Sample compression schemes for balls in graphs
Jérémie Chalopin, Victor Chepoi, Fionn Mc Inerney, Sébastien Ratel, Yann Vaxès
TL;DR
The paper investigates sample compression schemes for the family of balls in graphs, linking the VC-dimension framework to concrete, graph-class-specific constructions. It delivers explicit, small-size proper labeled and unlabeled schemes across several graph families (trees, cycles, interval graphs, cube-free median graphs, split graphs, planar graphs, and hyperbolic graphs), including radius-restricted variants and approximate schemes in δ-hyperbolic settings. Key contributions include USCS/LSCS of size 2 for metric trees and size 3–6 for cycles and trees of cycles, 4 for interval graphs, 22 for cube-free median graphs, and 4 for radius-1 planar graphs, along with a general approximate framework for δ-hyperbolic graphs.
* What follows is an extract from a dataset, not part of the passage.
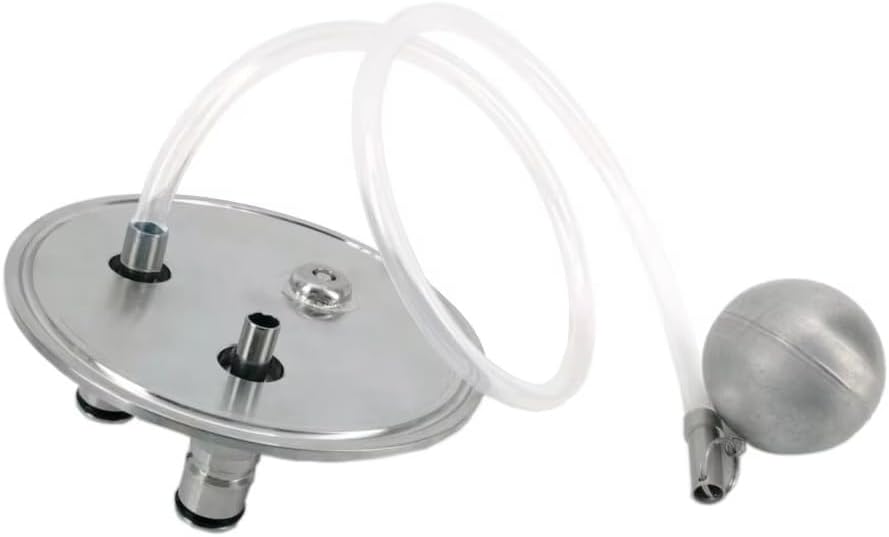 1pc 50L 4 Inch Stainless Steel Fermenter Lid with Floating Dip Tube and Pressure Relief Valve for Home Brewing Beer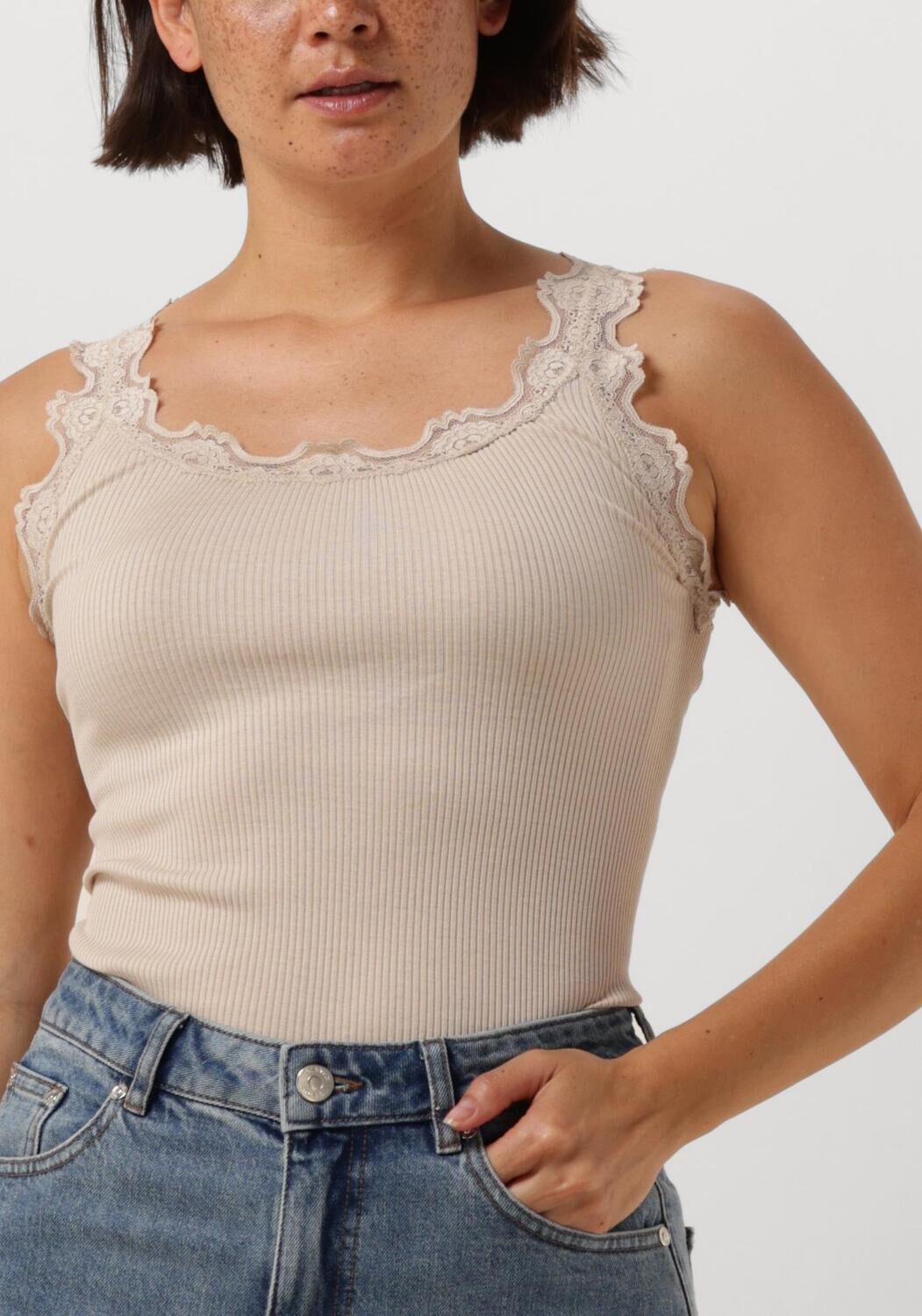 ROSEMUNDE Dames Tops & T-shirts Babette Silk Top W Lace Beige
These results advance understanding of the sample compression conjecture in a broad graph-theoretic context and offer practical compression schemes tailored to specific geometric structures, with several open questions on optimality and extensions to additional graph classes.
Abstract
One of the open problems in machine learning is whether any set-family of VC-dimension $d$ admits a sample compression scheme of size $O(d)$. In this paper, we study this problem for balls in graphs. For a ball $B=B_r(x)$ of a graph $G=(V,E)$, a realizable sample for $B$ is a signed subset $X=(X^+,X^-)$ of $V$ such that $B$ contains $X^+$ and is disjoint from $X^-$. A proper sample compression scheme of size $k$ consists of a compressor and a reconstructor. The compressor maps any realizable sample $X$ to a subsample $X'$ of size at most $k$. The reconstructor maps each such subsample $X'$ to a ball $B'$ of $G$ such that $B'$ includes $X^+$ and is disjoint from $X^-$. For balls of arbitrary radius $r$, we design proper labeled sample compression schemes of size $2$ for trees, of size $3$ for cycles, of size $4$ for interval graphs, of size $6$ for trees of cycles, and of size $22$ for cube-free median graphs. For balls of a given radius, we design proper labeled sample compression schemes of size $2$ for trees and of size $4$ for interval graphs. We also design approximate sample compression schemes of size 2 for balls of $δ$-hyperbolic graphs.